Amazon Comprehend has two sets of services, one targeted for interactive use with responses available in hundreds of milliseconds, the other more batch oriented.
The interactive services has four core API’s:
- Entity returns the named entities (“Person”, “Organization”, “Locations”, etc.) within the text being analyzed.
- Key Phrases returns key phrases and a confidence score to support that this is a key phrase.
- Sentiment returns the overall sentiment of a document (Positive, Negative, Neutral, or Mixed).
- Language returns the dominant language in the text and a confidence score to support that a language is dominant.
The batch-oriented services can scan a set of documents, and return a summary of key topics in these documents.
Integrating Comprehend with Adobe AEM Content Fragments
Similar to the original article, we integrated AWS Comprehend with AEM Content Fragments.
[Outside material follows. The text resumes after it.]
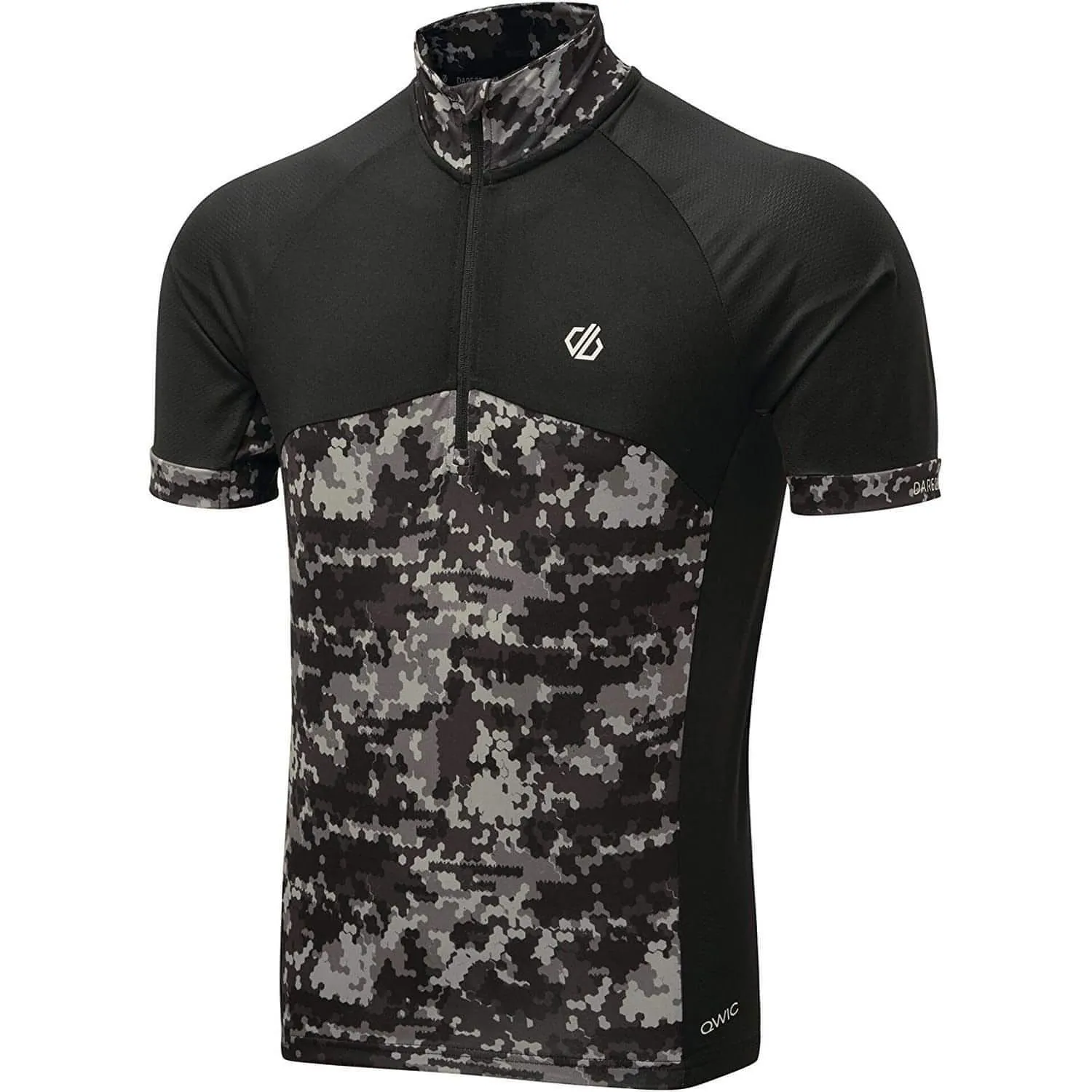 Dare2B Stay The Course Short Sleeve Mens Cycling Jersey - Black Layered Look Wear Cozy and Soft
The same piece of content was leveraged. Unfortunately, AWS Comprehend only supports up to 5000 characters, so a subset of the overall text was selected.
Entities, sentiment and language were assigned as metadata tags to the document. Only entities with more than two occurrences were included. Entities provide a categorization (such as date, location, event, organization, person, commercial_item, etc), and the category is included in the tag structure.
In this example, sentiment is also included. Overall, it would make sense to only include tone if a certain confidence threshold has been met.
The key phrase response was used to generate a highlighted version of the content fragment. Similar to sentiment and entities, each phrase is scored with a level of confidence, and this can be used to fine tune phrase detection.
If you want to explore the code, it is posted on Github as part of the https://github.com/razorfish/contentintelligence repository.
In the original article, I listed a couple of potential reasons why leveraging machine learning in the content management process could be relevant:
- How does content come across to readers? Which tones resonate the most? What writer is successful with which tone?
- What topics are covered most frequently? How much duplication exists?
- What is the article about?
- What are the key topics covered in this article?
The Amazon Comprehend solution can help with some of these as shown in this proof of concept.
For topic classification, the approach taken here with entities can be valuable. Especially the ability to provide categorizations of entities can help with providing more easily readable insights.
Key phrase detection can help with quickly reviewing what an article is about, identify repetition and can especially be helpful in content management scenarios with high volume content production.